The debate Brown and Whitman should have

California’s gubernatorial campaign already is underway in earnest. Now the question is whether it will be waged over emotionally charged but marginal questions — like immigration — or engage this state’s most pressing issue: the catastrophic state of our economy and the way in which Sacramento’s dysfunctional public finance system exacerbates the crisis.

Tim Rutten: His June 23 column on the gubernatorial race included several inaccurate figures in its comparison of California and Greece. The state’s gross domestic product, which the column put at $333 billion, is in fact about $1.85 trillion. Greek unemployment is not the highest in the Eurozone; Spain’s, at about 20%, is higher. The column said California generates 17% of United States GDP, but the actual number is closer to 13%. The column also said that Sacramento was “sitting on” $500 billion in debt; that number referred to an estimate of unfunded pension liabilities. The inaccurate numbers in Rutten’s column were taken from an article on the Web -- -- that was subsequently corrected.
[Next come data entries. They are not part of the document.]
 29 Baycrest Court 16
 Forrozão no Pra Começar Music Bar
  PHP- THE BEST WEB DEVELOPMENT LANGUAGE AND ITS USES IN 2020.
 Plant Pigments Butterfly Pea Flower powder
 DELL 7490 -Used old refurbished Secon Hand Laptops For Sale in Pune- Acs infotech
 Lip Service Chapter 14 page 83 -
They should have been double-checked for accuracy and, to the extent that we relied on the research of others, attributed to the original source.—

With another of the state’s appalling annual budget stalemates as backdrop for their contest, you’d think Jerry Brown and Meg Whitman would debate nothing else. The billionaire former EBay executive, however, seems determined to spend another $100 million or so from her own fortune to finance a corporate-style ad campaign punctuated by carefully controlled personal appearances before sympathetic audiences. Brown — to his credit — is pressing for a series of face-to-face debates, but it’s unlikely that Whitman will agree to more than a minimal number of rigidly formatted confrontations. That’s a pity, because without that kind of give and take, we’re unlikely to learn precisely which of the ideas Brown — who has one of the most fertile and quirkily independent minds in American politics — would bring to bear on this crisis.
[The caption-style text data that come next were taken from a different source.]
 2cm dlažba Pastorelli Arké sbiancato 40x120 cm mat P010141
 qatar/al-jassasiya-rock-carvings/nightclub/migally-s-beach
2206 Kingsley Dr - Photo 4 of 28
The debate our gubernatorial candidates ought to have should start with a realistic appraisal of what’s at stake. Earlier this year, JPMorgan’s Jamie Dimon raised a lot of savvy eyebrows when he told an investors’ conference that, while his analysts thought the crisis surrounding Greece’s sovereign debt would abate, California’s public finances posed an even greater risk to global markets. A clear-eyed look at the numbers explains why:

Sacramento and Athens govern economies of virtually equal size — $343 billion in annual GDP for Greece, $333 billion for California. They’re also sitting on similar piles of debt — $500 billion for Sacramento, $552 billion for Athens. The Greeks’ unemployment rate is the highest in the euro zone; California’s is even higher. Moreover, while Greece — with a population just over 11 million — accounts for only 3% of the European Union’s annual economic activity, California — with a population of 38 million — generates fully 17% of the yearly activity in the world’s largest national economy.
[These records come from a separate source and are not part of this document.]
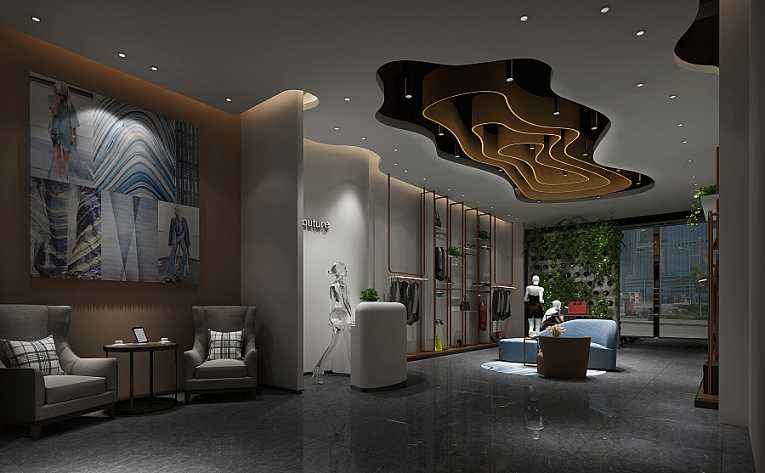 FLϵ���L��s��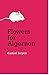 Flowers for Algernon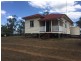 238 Ferguson Road, West Stowe QLD 4680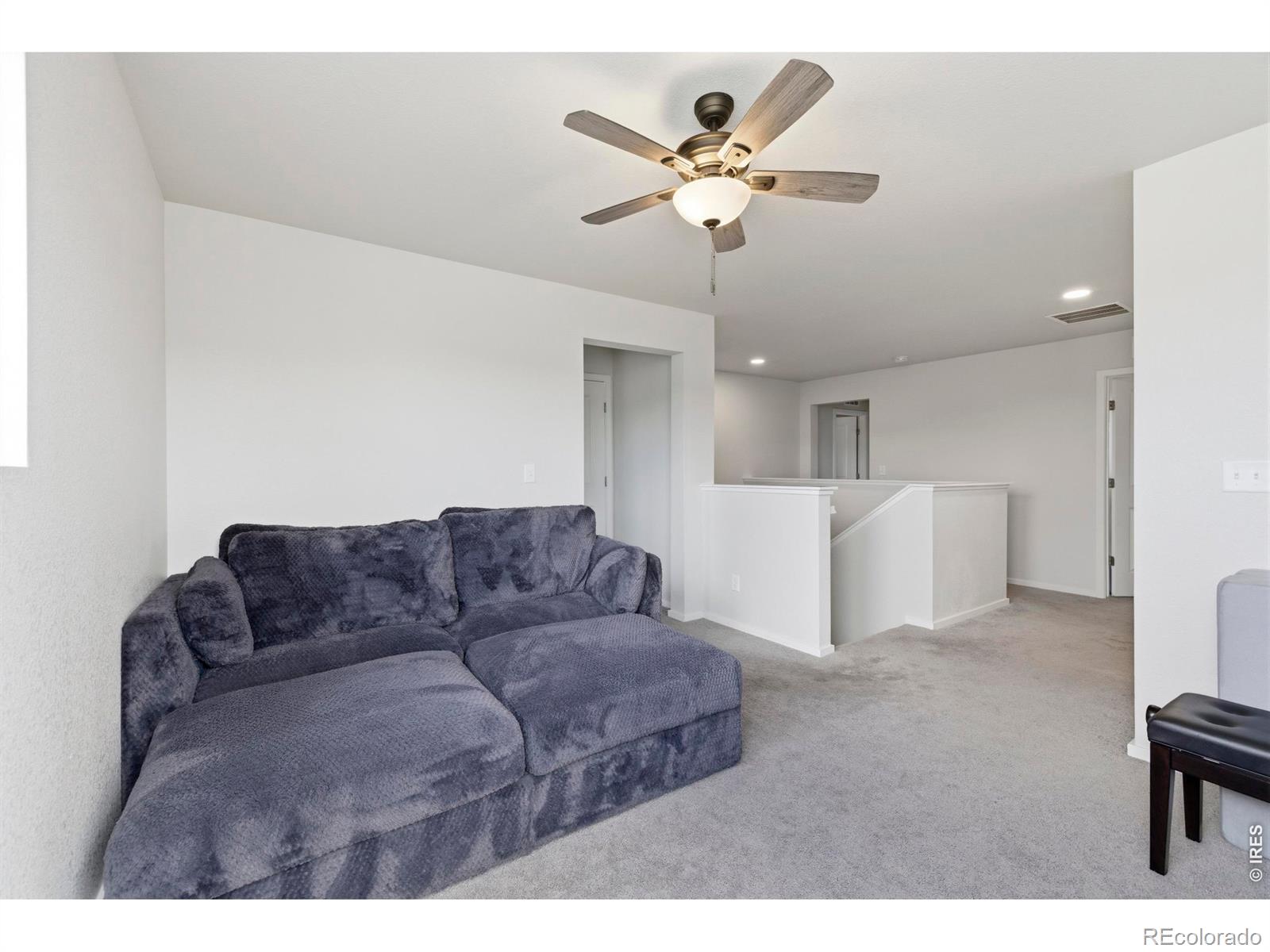 MLS Image #18 for 2933  biplane street,fort collins, Colorado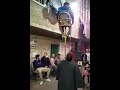 المصري معروف بجبروته المصري معروف بجبروته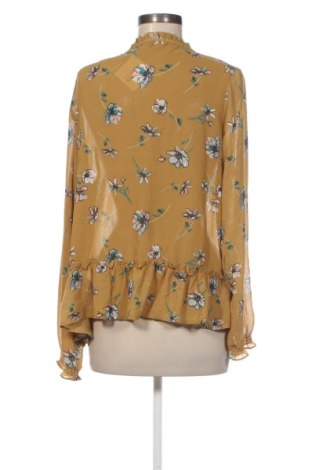 Bluzka damska Georges Rech, Rozmiar L, Kolor Kolorowy, Cena 220,99 zł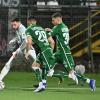 Avellino, Cancellotti certo: "Nessuno meglio di Nesta può migliorare noi difensori"...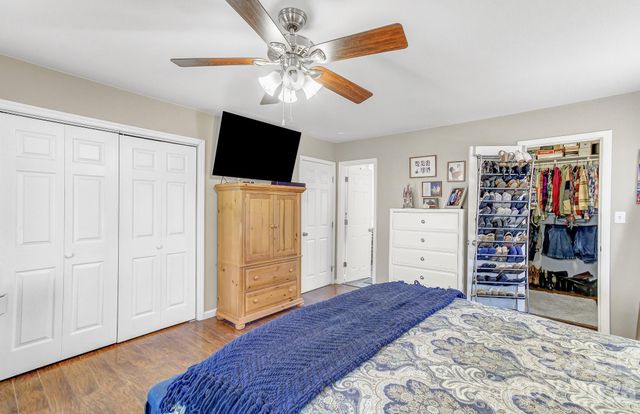 92 Willow Bend, Hendersonville, NC 28792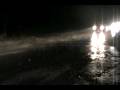 night owl 08.avi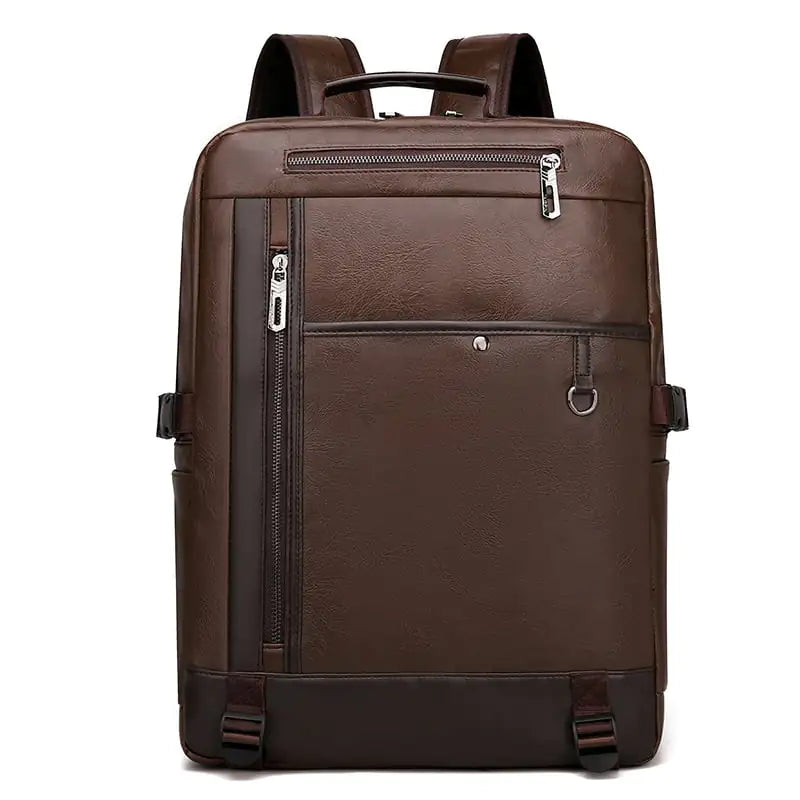 Business Travel Backpack - Travalto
If Sacramento allows our public finances to spiral further out of control, the consequences will be felt in markets and places far beyond our borders. It’s less easy to disentangle serious solutions from the rhetorical mythology that goes unchallenged in our hit-and-miss discussions of the crisis. There’s little appetite anywhere in the political establishment to talk about raising taxes, but California’s inflation-adjusted tax burden is, in fact, at a 60-year low. Nor are we, as is commonly assumed, a “high tax” state. When it comes to that ranking, California doesn’t even rank in America’s top 10.

As UC Berkeley political scientist and public opinion scholar Bruce E. Cain recently pointed out, our combined state and local tax tab is — on a per capita basis — the 18th largest in the United States. Another bit of political folklore is that the state’s level of public employment is out of control. Whitman, for example, has said she’d cut 40,000 public-sector jobs. In fact, as Cain has observed, California has the nation’s second-lowest number of state employees on a per capita basis — far fewer than such red states as Texas, Arizona and Nevada.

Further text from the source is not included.